Monday, August 3, 2009

This Week

I've mentioned before the two sided problem facing radio: SHORT and LONG term. By Short term, I mean operating at maximum profitability. By Long term I mean growing the value of your asset.


For Velocity, solving the short term problem has always been easy. We're good at it. We're one of the best. We've been operating radio stations optimally for the last 12 years. Renda Broadcasting was a great classroom for running efficient efficient radio stations. A solid and consistent outperformer. Velocity has had that covered since we opened our doors for business.


The harder part was finding solutions to the LONG TERM problem Radio faces. To help in that process, we compiled a Board of Advisors which I announced last week. I wanted to find 5 people who know Radio, worked in Radio, understood Radio, but were Masters in their own fields: Finance, Merging Media, Marketing. Fields that were exerting pressures onto Radio. I wanted to find a bunch of outsiders who understand the pressures that radio is facing so I could dissect those pressures. I wanted to find Wernher von Braun. I wanted to find Darius Kasparaitis. I wanted to find Frank Abagnale. I wanted to find people that know about the pressures on Radio and can deliver a unique and different perspective. I want to 'get in my enemy's head'! And through discussions and strategy sessions with this crew over the last few months, the gravity of our situation has become clear.


Our problem is systemic. Our problem is obsolescence.
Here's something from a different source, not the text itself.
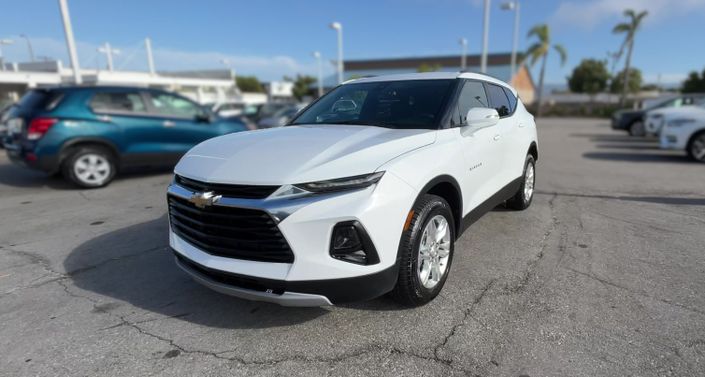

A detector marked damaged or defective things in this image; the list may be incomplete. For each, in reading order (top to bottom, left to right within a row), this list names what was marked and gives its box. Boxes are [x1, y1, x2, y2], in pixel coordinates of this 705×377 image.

cracked asphalt [1, 116, 704, 374]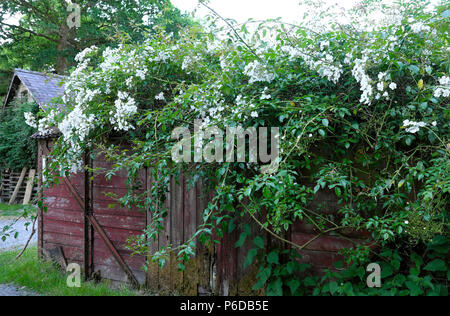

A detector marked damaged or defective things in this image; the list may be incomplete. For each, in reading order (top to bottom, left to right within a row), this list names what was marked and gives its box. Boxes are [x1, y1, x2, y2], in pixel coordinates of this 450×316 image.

rusty metal bracket [61, 177, 139, 288]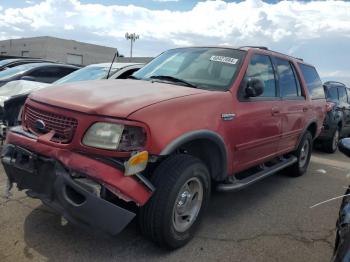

And trying to solving these problems with OPERATIONAL solutions (sell more, push interactive, cut expenses) is like trying to solve a hardware problem with software. Then numbers are scary. History is scary. And the SOLUTIONS require guts and risk, something we're short on in our weakened state.


But Hope Springs Eternal, doesn't it?


I want you to keep an eye on something this week. This week begins earnings results for several groups, and this week, you’re going to see some ugly numbers. Like every industry, these are not fun times to be reporting earnings. Here's what I want you to keep an eye on: As the Earnings reports come out, will companies acknowledge the necessity for major changes? Will things be bad enough to motivate CEOs.


The first public company that DOES acknowledge this will be held in high esteem by our industry.